A la tarde me buscó para contarme la decisión que había tomado: regalarle ese mismo viaje a sus hijos, nueras y nietos, porque «ellos tienen que venir a ver todo esto». Pensaba que seguramente le dirían que es una locura dejar el trabajo, las responsabilidades, incluso las clases de los chicos. Pero ya había pensado y estaba seguro: «no importa que los gurises pierdan un mes de clase, porque aquí van a aprender mucho. Yo escucho todo lo que explican, pero no puedo retener tantos nombres y datos nuevos. ¿Sabe? Yo hice solo la escuela primaria. Mis hijos van a entender y retener más, y ni le cuento mis nietos; ellos absorberán como esponjas lo que oigan y vean. No se pueden perder esto que yo me perdí, habiendo podido venir antes… Nunca se me ocurrió; viví en un mundo muy reducido».
Mucho tiempo antes de esto, oí hablar de una rica experiencia en Brasil en la que el filósofo Antonio Sidekum organizaba, junto con los maestros locales, muestras itinerantes de arte por los poblados más alejados, y contaba la excelente acogida de los campesinos. También recordé un Foro Social en Asunción donde había muchos indígenas bolivianos con sus hijos pequeños. Ellos entraban a las conferencias y talleres con los niños, que permanecían en silencio muy atentos. Los padres decían: «ellos tienen que oír, después van a entender». Oyendo, viendo, contemplando directamente como José y Aída, se despierta esa capacidad humana de apreciar lo valioso, sean argumentos o arte.
No habían pasado tres meses del regreso del viaje cuando de modo imprevisto José falleció. En el colegio celebramos una Eucaristía, a la que asistieron sus hijos y nietos. La familia estaba compungida y aun sin asumir; los viajeros también estábamos sorprendidos y golpeados. A la vez, en medio del dolor, la familia no dejaba de agradecer la vida de José y nosotros el haberlo conocido, por haber compartido un hermoso mes con él y su esposa.

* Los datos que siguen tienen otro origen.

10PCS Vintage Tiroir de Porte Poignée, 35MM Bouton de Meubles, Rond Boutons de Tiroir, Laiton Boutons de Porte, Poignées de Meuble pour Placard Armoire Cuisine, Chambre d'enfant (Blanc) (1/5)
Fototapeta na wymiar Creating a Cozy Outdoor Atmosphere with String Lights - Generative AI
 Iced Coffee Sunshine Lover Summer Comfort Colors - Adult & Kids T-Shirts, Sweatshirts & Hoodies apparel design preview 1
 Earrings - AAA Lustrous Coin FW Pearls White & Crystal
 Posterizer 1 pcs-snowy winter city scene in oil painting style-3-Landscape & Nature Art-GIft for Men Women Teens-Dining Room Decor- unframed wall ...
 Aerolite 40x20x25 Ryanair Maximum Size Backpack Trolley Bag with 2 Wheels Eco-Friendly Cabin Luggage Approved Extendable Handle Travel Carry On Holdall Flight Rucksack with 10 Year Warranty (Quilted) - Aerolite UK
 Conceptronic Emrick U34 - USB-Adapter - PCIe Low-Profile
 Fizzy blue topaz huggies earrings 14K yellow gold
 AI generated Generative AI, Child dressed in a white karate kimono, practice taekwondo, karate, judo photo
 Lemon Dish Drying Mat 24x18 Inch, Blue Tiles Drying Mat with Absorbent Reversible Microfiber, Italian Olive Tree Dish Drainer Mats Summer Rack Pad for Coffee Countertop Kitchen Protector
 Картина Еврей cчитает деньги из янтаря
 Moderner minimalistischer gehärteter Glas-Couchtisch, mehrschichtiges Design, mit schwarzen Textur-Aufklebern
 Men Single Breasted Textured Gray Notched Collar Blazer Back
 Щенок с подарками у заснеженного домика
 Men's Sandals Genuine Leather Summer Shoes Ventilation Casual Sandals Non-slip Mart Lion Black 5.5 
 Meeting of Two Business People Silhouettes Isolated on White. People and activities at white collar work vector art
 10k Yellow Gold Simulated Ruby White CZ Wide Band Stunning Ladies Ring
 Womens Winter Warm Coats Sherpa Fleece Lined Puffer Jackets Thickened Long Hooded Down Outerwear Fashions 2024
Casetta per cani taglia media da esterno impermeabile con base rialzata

Hubo lágrimas, sonrisas y muchas anécdotas. Yo callé la mía, aunque la compartí más tarde con Eliana y otros dos nietos ya adolescentes. Les conté aquellos diálogos con José y les dije: «siéntanse siempre orgullosos de su abuelo, que trabajó y vivió como camionero, pero que disfrutó y se emocionó cuando descubrió el arte como creación de manos humanas e inspiración divina».